Ten kto robi zakładki, wie, że najlepiej jest czymś je zabezpieczyć. Może to być lakier, ale szczerze mówiąc ciężko jest polakierować kartkę papieru, tak aby nie straciła swojego kształtu .Postanowiłam zalaminować swoje "dzieła" i przy okazji pokazać wam, jak to zrobić bez konieczności kupowania laminatora.
Jak laminować bez laminarki
Będą potrzebne:
- stabilne podłoże (u mnie deska)
- żelazko
- folia do laminowania (moja to folia 100 Mic, firma Apex)

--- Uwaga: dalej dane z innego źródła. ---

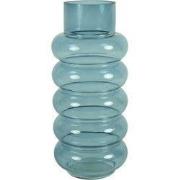 Vaas Nikky glas 15x15x35 cm blauw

- to, co chcemy zalaminować (w moim przypadku zakładki)
- nożyczki
- papier śniadaniowy
1. Wkładamy zakładki pomiędzy warstwy foli, tak aby były od siebie nieco oddalone. Nastawiamy żelazko na najmniejszą temperaturę.
2. Kładziemy na foli papier śniadaniowy i jeździmy po nim żelazkiem. Równomiernie i powoli aż do momentu, kiedy folia z mlecznej zrobi się biała.
3. Tak wyglądają przyklejone zakładki. Czekamy aż trochę wystygną. Trzeba zwrócić uwagę, czy w obrębie zakładki na pewno folia zrobiła się przeźroczysta, czyli przyklejona.
4. Na końcu wycinamy zakładki. Należy to zrobić z odpowiednim marginesem, gdyż folia zgrzewa się w pewnej odległości od kartki.
Oto gotowe zakładki, napiszcie która byłaby waszą ulubioną:)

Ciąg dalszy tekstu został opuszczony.